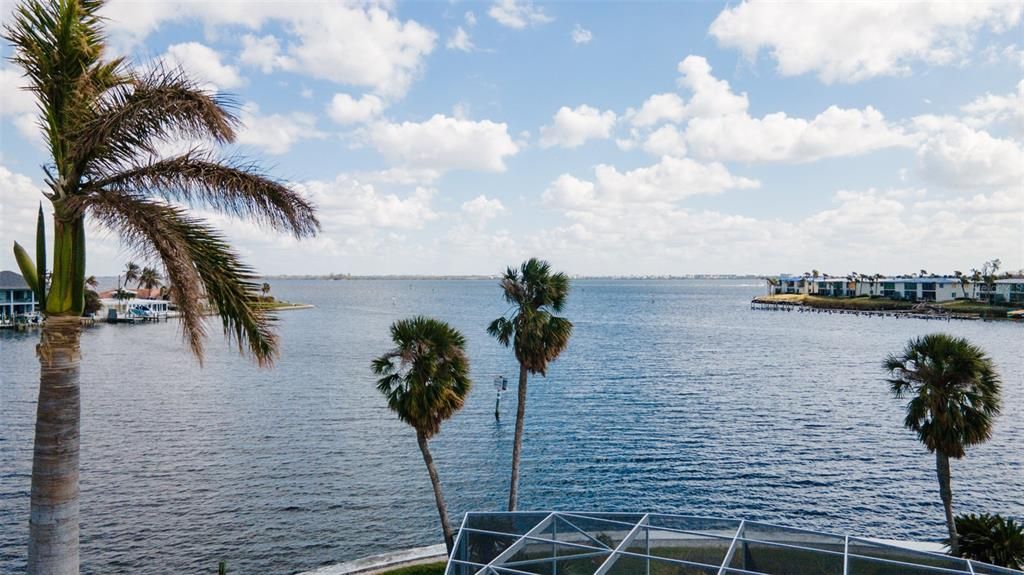 待售: $3,400,000 (0.54 acres)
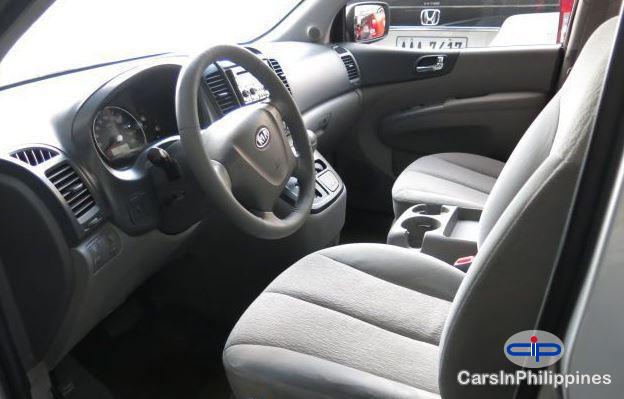 Kia Carnival - image 3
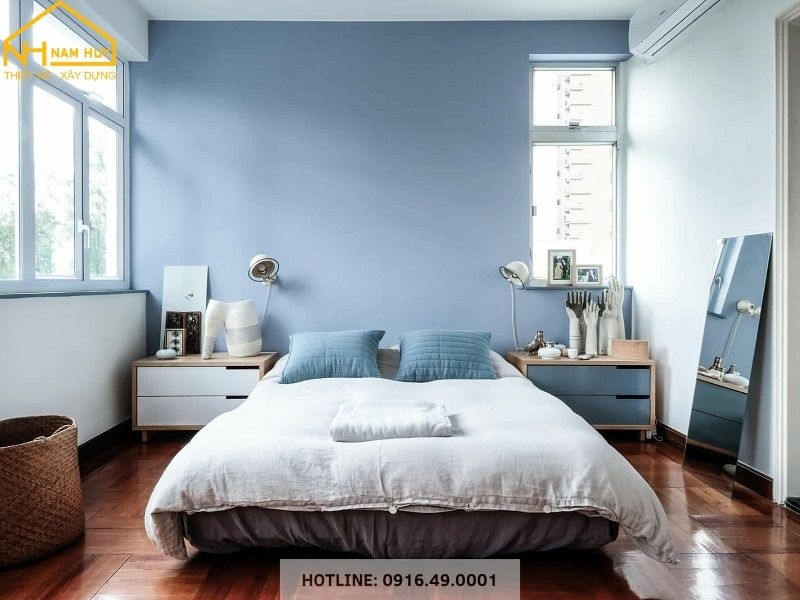 Phòng ngủ ấm cúng với màu xanh pastel dịu nhẹ và ánh sáng tự nhiên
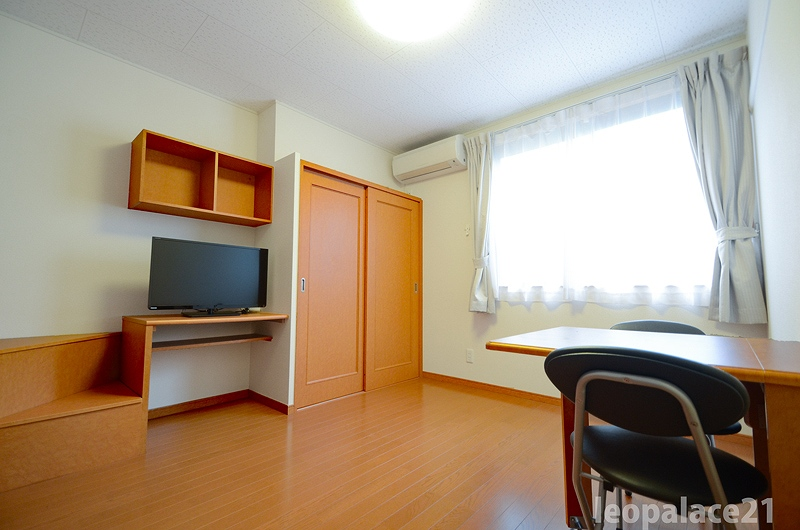 レオパレス風紋 居間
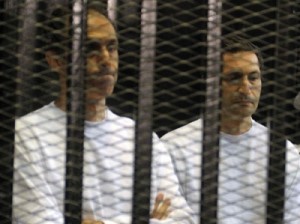 بالفيديو : مصرية تسأل علاء مبارك: بابا فين !!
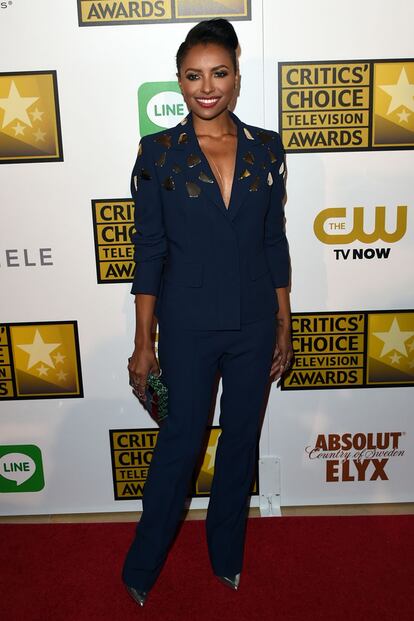 Kat Graham acudió con este traje de Escada otoño-invierno 2014 a los Critic's Choice TV Awards. La incluimos en la lista de esta semana por la originalidad que demostró su elección huyendo de los vestidos.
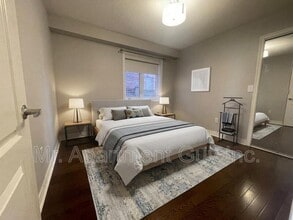 5422 Oscar Peterson Blvd in Mississauga, ON - Building Photo - Building Photo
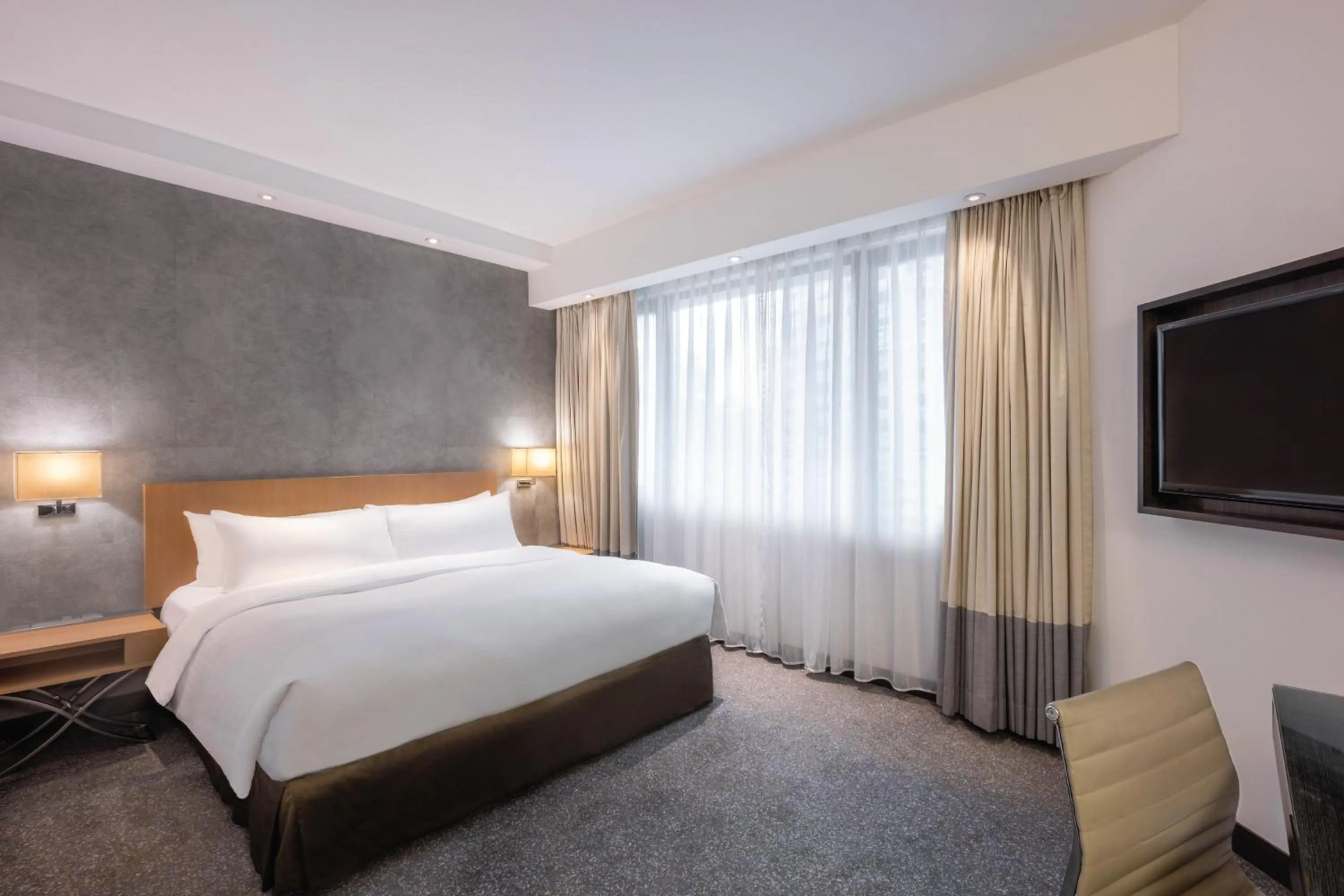 Bedroom, Bed in Gateway Hotel, Marco Polo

*Prompt*:
Write the lines out again exactly, beginning at the one containing "Kat Graham acudió" and ending with the last line of the entries, but without any pictures.

*Response to the exercise*:
 Kat Graham acudió con este traje de Escada otoño-invierno 2014 a los Critic's Choice TV Awards. La incluimos en la lista de esta semana por la originalidad que demostró su elección huyendo de los vestidos.
 5422 Oscar Peterson Blvd in Mississauga, ON - Building Photo - Building Photo
 Bedroom, Bed in Gateway Hotel, Marco Polo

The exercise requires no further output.